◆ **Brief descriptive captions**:
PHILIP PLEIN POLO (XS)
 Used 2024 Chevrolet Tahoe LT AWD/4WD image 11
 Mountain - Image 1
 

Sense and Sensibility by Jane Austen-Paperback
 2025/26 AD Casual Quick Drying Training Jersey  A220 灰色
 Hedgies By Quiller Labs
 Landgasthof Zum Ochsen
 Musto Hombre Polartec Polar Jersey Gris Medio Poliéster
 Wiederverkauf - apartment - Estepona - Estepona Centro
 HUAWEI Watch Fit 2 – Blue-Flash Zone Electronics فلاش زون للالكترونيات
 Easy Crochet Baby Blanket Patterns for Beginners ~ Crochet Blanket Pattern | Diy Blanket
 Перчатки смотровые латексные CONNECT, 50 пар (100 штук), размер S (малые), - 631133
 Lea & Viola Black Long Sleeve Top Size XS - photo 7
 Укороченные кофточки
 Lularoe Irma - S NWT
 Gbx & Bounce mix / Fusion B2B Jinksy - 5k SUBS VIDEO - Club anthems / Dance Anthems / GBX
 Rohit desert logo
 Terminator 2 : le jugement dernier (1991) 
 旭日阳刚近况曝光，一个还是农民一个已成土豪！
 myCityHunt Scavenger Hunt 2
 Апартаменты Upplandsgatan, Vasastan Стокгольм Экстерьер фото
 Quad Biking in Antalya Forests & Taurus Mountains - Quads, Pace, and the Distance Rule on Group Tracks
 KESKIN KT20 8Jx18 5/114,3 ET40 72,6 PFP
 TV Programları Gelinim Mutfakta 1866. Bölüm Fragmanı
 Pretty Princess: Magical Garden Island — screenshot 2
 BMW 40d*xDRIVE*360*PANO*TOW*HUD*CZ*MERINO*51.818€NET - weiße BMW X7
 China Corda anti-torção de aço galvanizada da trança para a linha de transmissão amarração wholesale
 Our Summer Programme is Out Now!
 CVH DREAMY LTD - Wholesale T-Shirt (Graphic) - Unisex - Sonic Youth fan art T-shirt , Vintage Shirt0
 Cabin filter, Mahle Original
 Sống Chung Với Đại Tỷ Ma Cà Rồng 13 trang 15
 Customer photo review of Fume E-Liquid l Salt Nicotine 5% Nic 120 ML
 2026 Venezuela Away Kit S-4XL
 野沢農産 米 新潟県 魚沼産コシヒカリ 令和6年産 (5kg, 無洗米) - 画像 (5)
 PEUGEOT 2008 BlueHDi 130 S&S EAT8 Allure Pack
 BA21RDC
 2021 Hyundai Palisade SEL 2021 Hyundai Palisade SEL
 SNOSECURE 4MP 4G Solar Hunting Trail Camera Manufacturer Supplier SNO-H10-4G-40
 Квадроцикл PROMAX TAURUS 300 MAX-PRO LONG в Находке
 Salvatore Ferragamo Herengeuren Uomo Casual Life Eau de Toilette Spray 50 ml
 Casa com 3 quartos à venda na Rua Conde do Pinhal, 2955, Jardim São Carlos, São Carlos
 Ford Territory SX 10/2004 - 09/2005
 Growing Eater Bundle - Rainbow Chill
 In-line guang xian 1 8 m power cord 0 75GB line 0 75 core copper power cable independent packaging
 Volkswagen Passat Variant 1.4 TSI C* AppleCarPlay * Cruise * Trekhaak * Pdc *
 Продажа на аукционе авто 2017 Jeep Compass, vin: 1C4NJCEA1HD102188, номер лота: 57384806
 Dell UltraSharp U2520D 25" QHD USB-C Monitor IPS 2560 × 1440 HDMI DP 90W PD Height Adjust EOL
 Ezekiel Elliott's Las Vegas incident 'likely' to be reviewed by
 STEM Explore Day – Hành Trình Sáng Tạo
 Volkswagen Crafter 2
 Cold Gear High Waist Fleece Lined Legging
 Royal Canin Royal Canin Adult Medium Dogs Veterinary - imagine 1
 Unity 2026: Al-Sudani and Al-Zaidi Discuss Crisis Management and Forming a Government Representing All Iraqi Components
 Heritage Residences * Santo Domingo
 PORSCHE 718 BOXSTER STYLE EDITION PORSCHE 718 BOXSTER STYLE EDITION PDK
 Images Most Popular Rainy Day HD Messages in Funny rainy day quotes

◆ **Assignment**:
Repeat the line that contains "Dell UltraSharp U2520D", then every line after it until the records end, with nothing added.

◆ **Answer to the problem**:
 Dell UltraSharp U2520D 25" QHD USB-C Monitor IPS 2560 × 1440 HDMI DP 90W PD Height Adjust EOL
 Ezekiel Elliott's Las Vegas incident 'likely' to be reviewed by
 STEM Explore Day – Hành Trình Sáng Tạo
 Volkswagen Crafter 2
 Cold Gear High Waist Fleece Lined Legging
 Royal Canin Royal Canin Adult Medium Dogs Veterinary - imagine 1
 Unity 2026: Al-Sudani and Al-Zaidi Discuss Crisis Management and Forming a Government Representing All Iraqi Components
 Heritage Residences * Santo Domingo
 PORSCHE 718 BOXSTER STYLE EDITION PORSCHE 718 BOXSTER STYLE EDITION PDK
 Images Most Popular Rainy Day HD Messages in Funny rainy day quotes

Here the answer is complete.